3 Oraya vardığımda, bağışlarınızı götürmek üzere uygun gördüğünüz kişileri tanıtıcı mektuplarla Yeruşalime göndereceğim.
4 Benim de gitmeme değerse, onları yanıma alıp gideceğim.
5 Makedonyadan geçtikten sonra yanınıza geleceğim. Çünkü Makedonyadan geçmek niyetindeyim.
6 Belki bir süre yanınızda kalırım, hatta kışı da sizinle geçirebilirim. Öyle ki, sonra nereye gidecek olsam, bana yardım edebilesiniz.
7 Sizi öyle kısaca görüp geçmek istemiyorum. Rabbin izniyle uzunca bir süre yanınızda kalmayı umut ediyorum.

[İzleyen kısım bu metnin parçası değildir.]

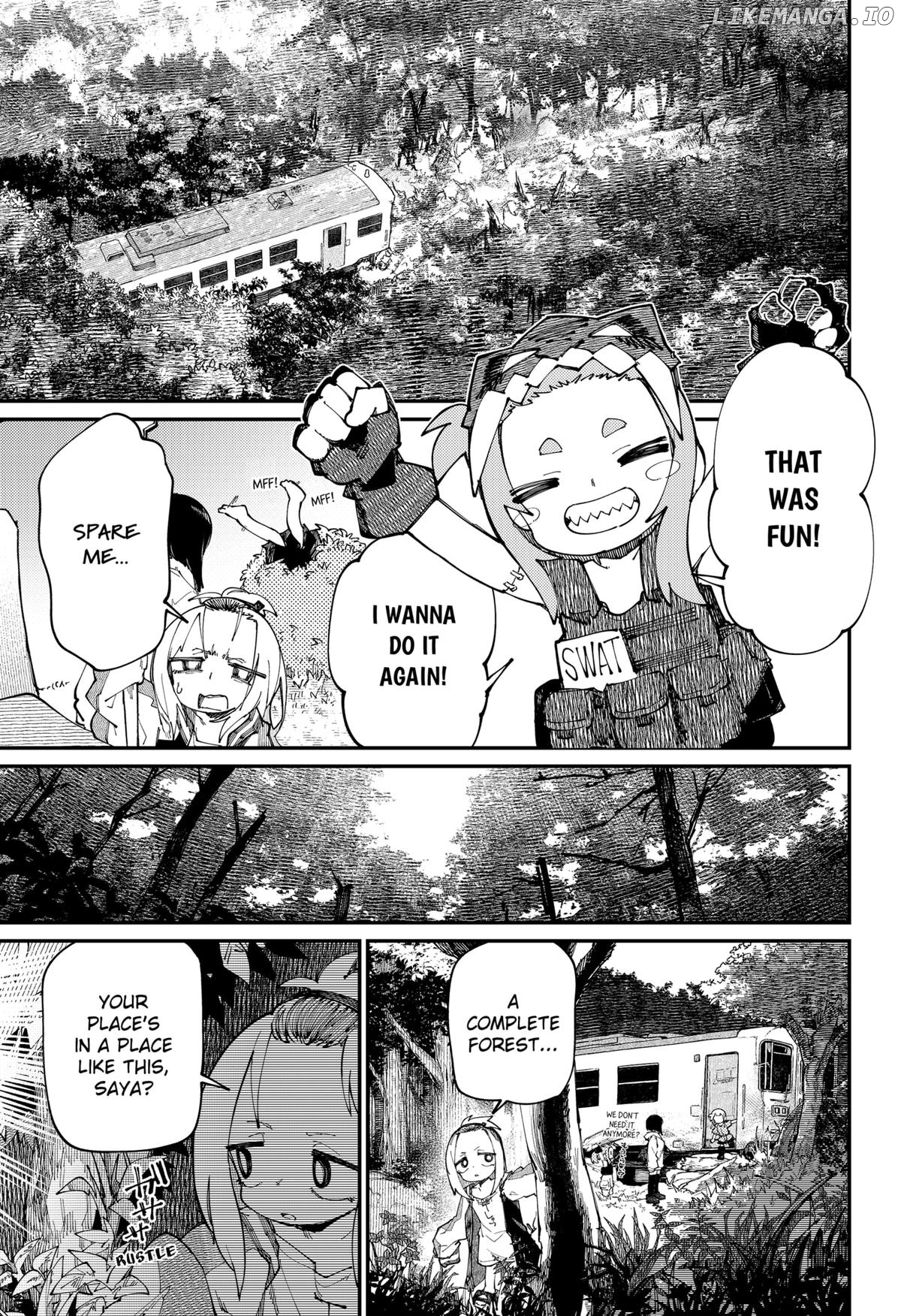 The World of SKK Girls Chapter 30 - page 21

8 Ama Pentikost Gününe dek Efeste kalacağım.
9 Çünkü büyük ve etkili işler yapmam için burada bana bir kapı açıldı. Ne var ki, bana karşı çıkanlar çoktur.
10 Timoteos yanınıza gelirse, bir şeyden korkmamasına dikkat edin. Çünkü o da benim gibi Rabbin işini yapıyor.
11 Kimse onu hor görmesin. Yanıma gelmesi için onu esenlikle uğurlayın. Kardeşlerle birlikte onun da gelmesini bekliyorum.
12 Kardeşimiz Apollosa gelince, kardeşlerle birlikte size gelmesi için ona çok ricada bulundum, ama şimdilik gelmeye hiç de istekli değil. Fırsat bulunca gelecek.
13 Uyanık kalın, imanda dimdik durun, mert ve güçlü olun.
14 Her şeyi sevgiyle yapın.
15 Ahayada ilk iman eden ve kendilerini kutsalların hizmetine adayan İstefanasın ev halkını bilirsiniz. Kardeşler, size yalvarırım, bu gibilere ve onlarla birlikte çalışıp emek verenlerin hepsine bağımlı olun.
17 İstefanas, Fortunatus ve Ahaykosun gelişine sevindim. Yokluğunuzu bana unutturdular.
18 Sizin ruhunuzu da benim ruhumu da ferahlattılar. Böylelerinin değerini bilin.
19 Asya İlindeki kiliseler size selam eder. Akvila ve Priska, evlerinde buluşan toplulukla birlikte Rabde size çok selam ederler.
20 Buradaki bütün kardeşlerin size selamı var. Birbirinizi kutsal öpüşle selamlayın.
21 Ben Pavlus, bu selamı kendi elimle yazıyorum.
22 Rabbi sevmeyene lanet olsun. Maranata!
23 Rab İsanın lütfu sizinle birlikte olsun.